** EXTRACTED RECORDS follows **

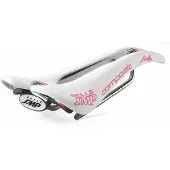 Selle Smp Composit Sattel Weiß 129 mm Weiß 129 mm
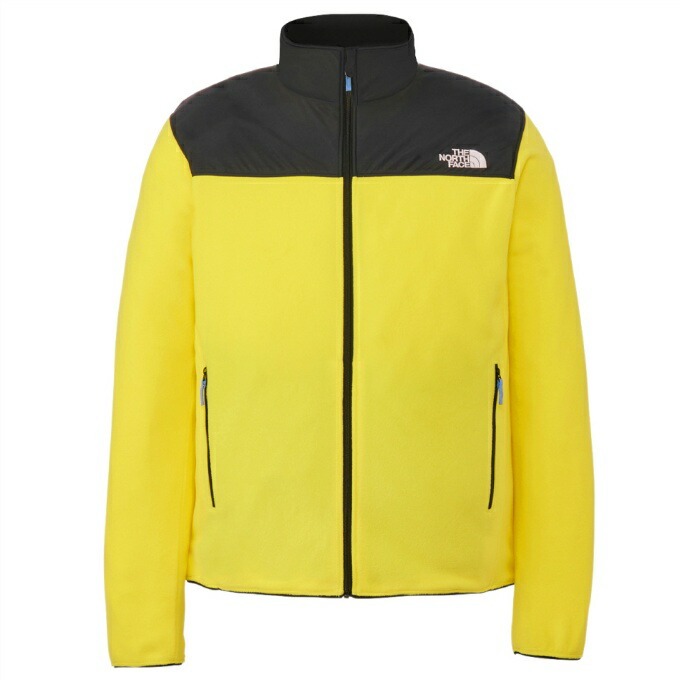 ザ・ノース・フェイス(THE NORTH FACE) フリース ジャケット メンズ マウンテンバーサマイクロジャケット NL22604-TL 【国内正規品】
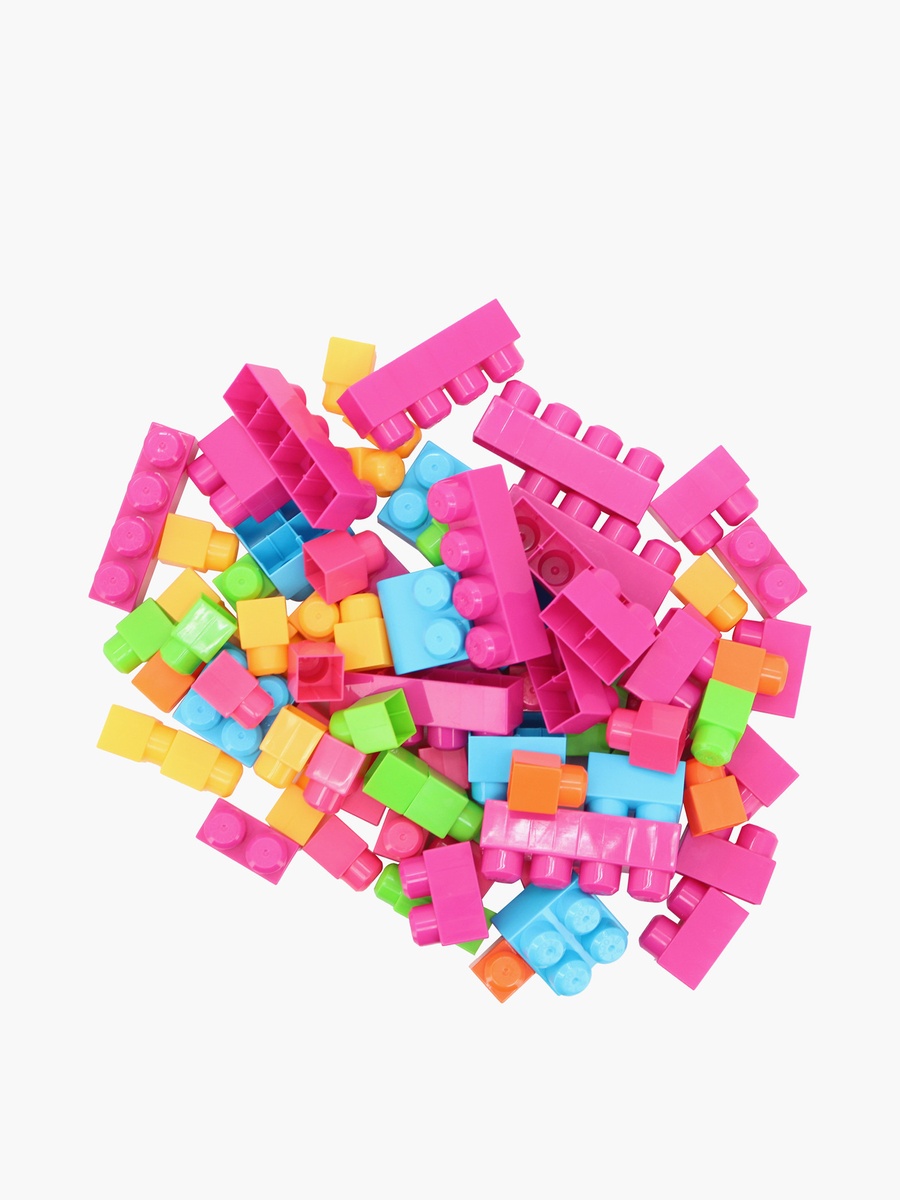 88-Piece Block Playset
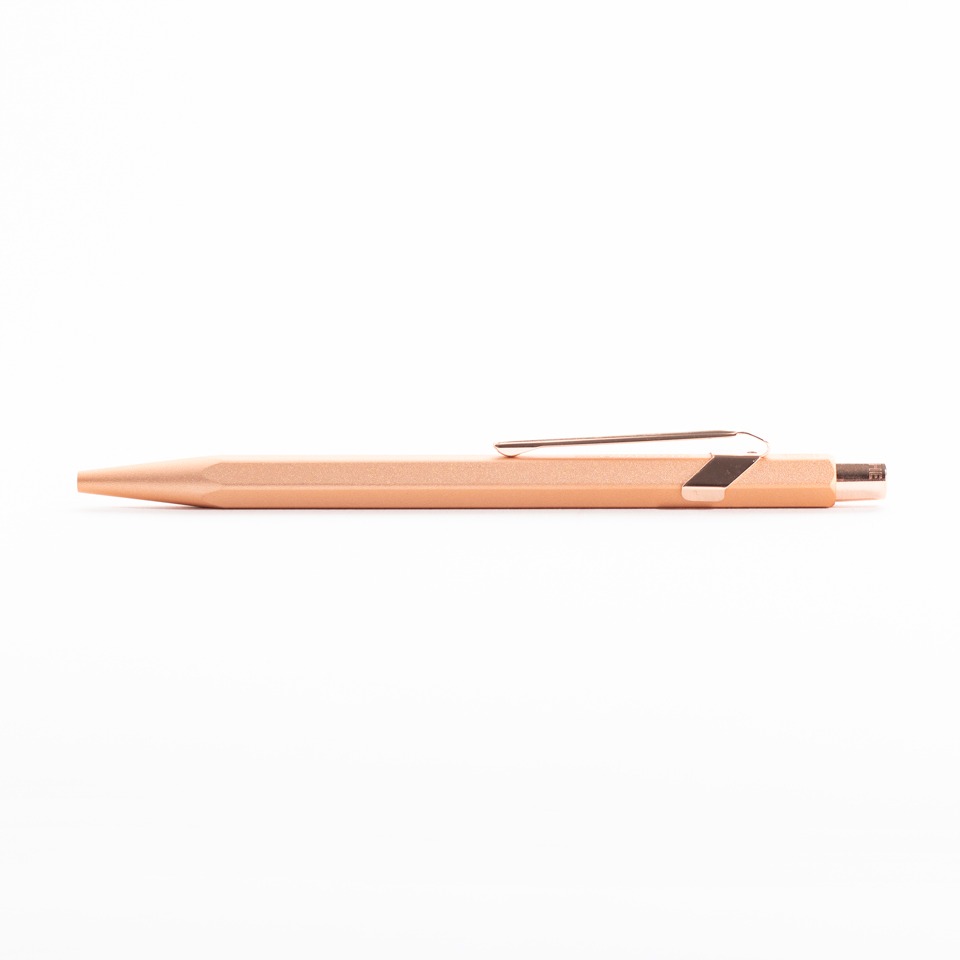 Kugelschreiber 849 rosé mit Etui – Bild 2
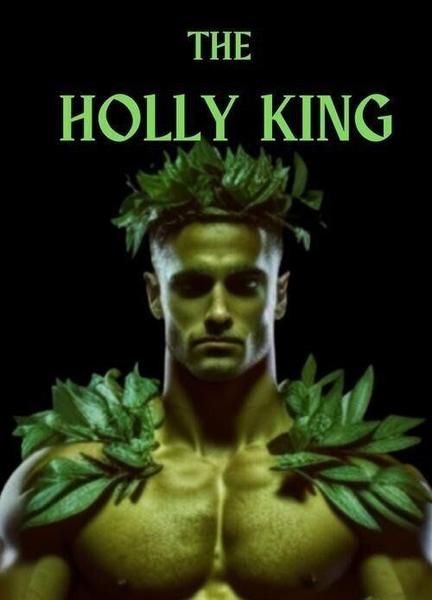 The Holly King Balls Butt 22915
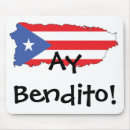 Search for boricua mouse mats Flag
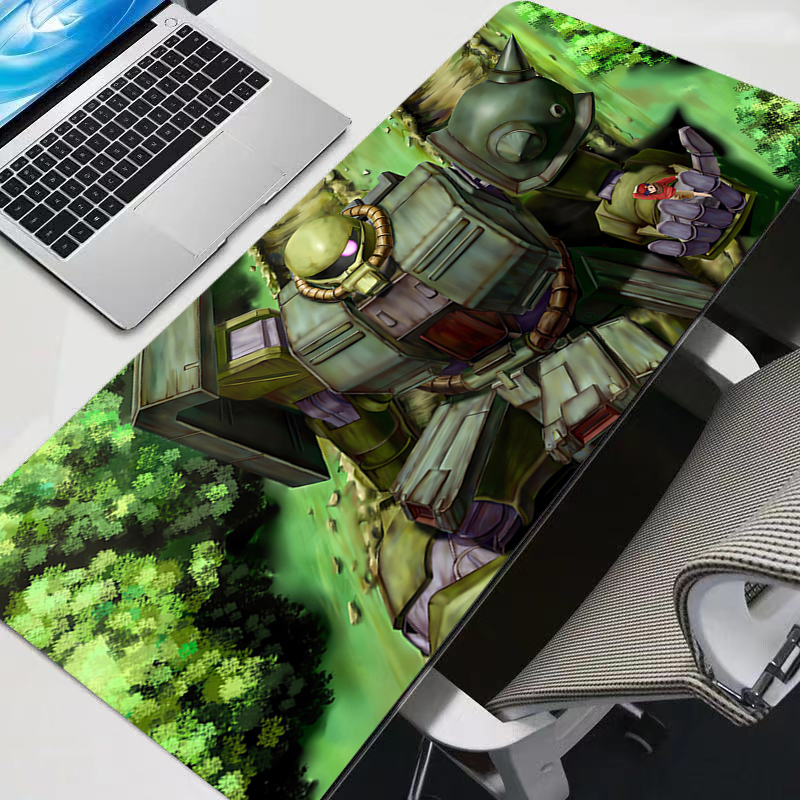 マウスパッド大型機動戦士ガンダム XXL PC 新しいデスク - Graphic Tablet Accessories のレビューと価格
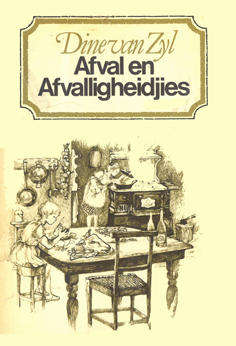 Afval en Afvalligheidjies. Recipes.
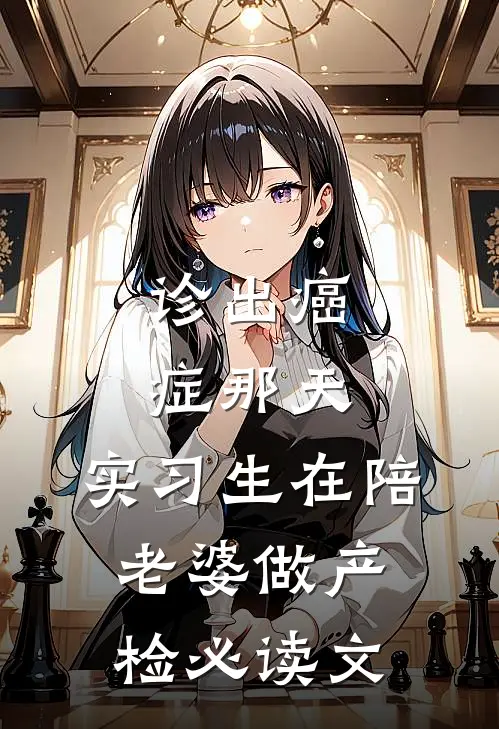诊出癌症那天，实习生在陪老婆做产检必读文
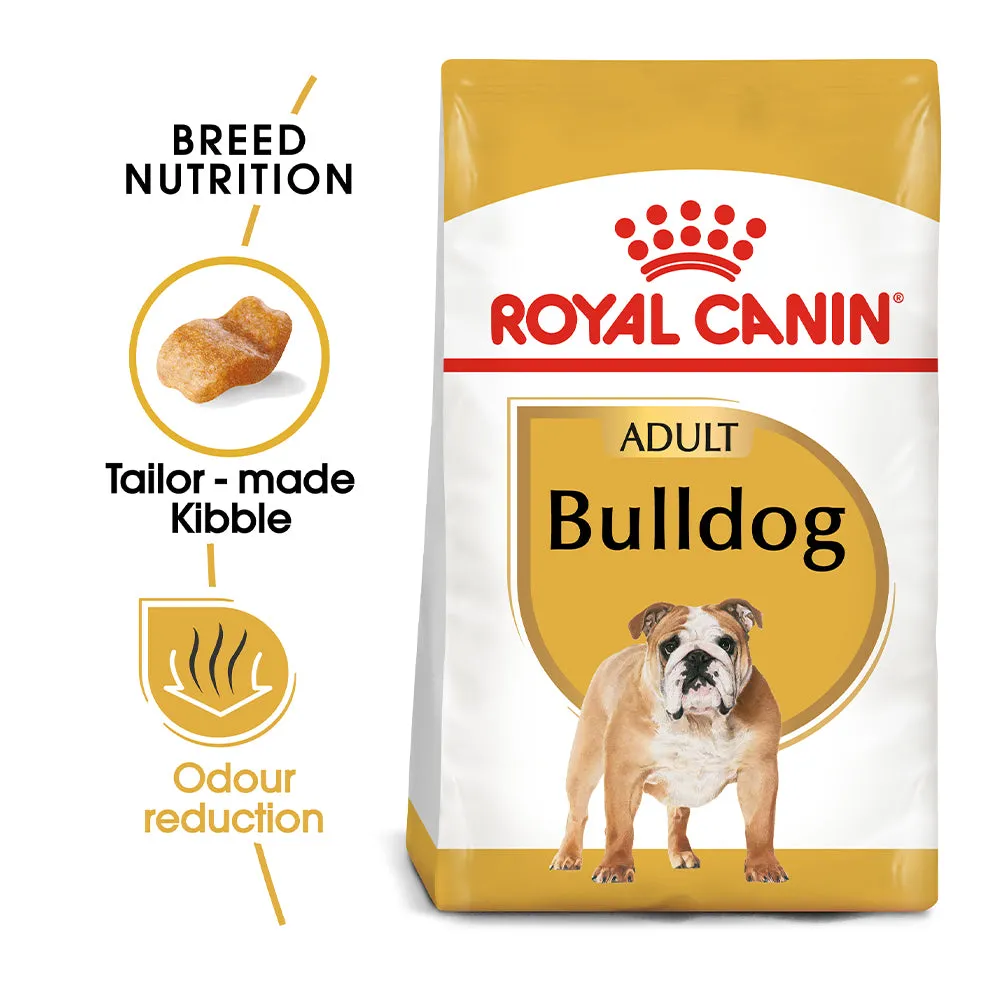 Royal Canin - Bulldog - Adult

** End of EXTRACTED RECORDS **

AIM OF THE TASK:
Print the lines from the line containing "Afval en Afvalligheidjies. Recipes." through the last line of the listing, exactly as they stand, and leave any pictures out.

RESPONSE BELOW:
 Afval en Afvalligheidjies. Recipes.
诊出癌症那天，实习生在陪老婆做产检必读文
 Royal Canin - Bulldog - Adult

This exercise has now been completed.